Further, the flow rate of the pressurized gas, 20～48M /
Second, preferably 25 to 45 m / sec, more preferably 30
˜40 m / sec, and more preferably 35 to 40 m / sec. That is, if the gas flow rate is less than 20 m / sec, the excess sizing liquid in the fluffing part cannot be removed to the extent that excessive adhesion of the sizing agent can be prevented. On the other hand, when the flow velocity exceeds 48 m / sec, due to the flow velocity, the converging property of the yarn is deteriorated, the yarn is broken during winding, and the fluff of the yarn is increased to cause yarn breakage. Here, the flow rate of the pressurized gas, refers to processing yarns nearest the actual flow rate.

[Procedure Amendment 5]

[Document name to be amended] Statement

[Name of item to be corrected] 0022

[Correction method] Change

[Correction content]

To the sizing agent used as an aqueous solution or an aqueous dispersion, for example, a polyalkylene oxide and its derivative, polyvinylpyrrolidone and its derivative, a water-soluble resin such as polyvinyl alcohol, or various surfactants is added to disperse the water.

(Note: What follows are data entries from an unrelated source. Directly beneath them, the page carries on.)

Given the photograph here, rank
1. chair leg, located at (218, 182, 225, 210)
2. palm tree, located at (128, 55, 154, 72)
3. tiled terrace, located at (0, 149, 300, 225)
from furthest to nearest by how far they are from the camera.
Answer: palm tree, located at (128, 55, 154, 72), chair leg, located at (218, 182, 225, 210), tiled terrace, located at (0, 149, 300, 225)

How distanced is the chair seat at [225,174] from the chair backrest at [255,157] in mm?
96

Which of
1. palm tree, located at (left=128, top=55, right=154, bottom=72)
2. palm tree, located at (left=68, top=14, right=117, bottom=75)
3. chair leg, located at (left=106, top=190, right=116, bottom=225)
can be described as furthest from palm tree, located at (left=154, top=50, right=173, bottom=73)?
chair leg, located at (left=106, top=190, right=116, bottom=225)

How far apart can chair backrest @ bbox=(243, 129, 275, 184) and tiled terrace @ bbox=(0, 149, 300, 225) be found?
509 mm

Various well-known resins such as epoxy resin and unsaturated polyester resin, which have good properties, can be mentioned.

Claims (1)

[Claims] 1. When applying a sizing agent to a carbon fiber thread, the carbon fiber thread is immersed in a sizing agent solution or dispersion and then a pressurized gas is blown at a flow rate of 20 to 48 m / sec. A method of applying sizing to carbon fiber.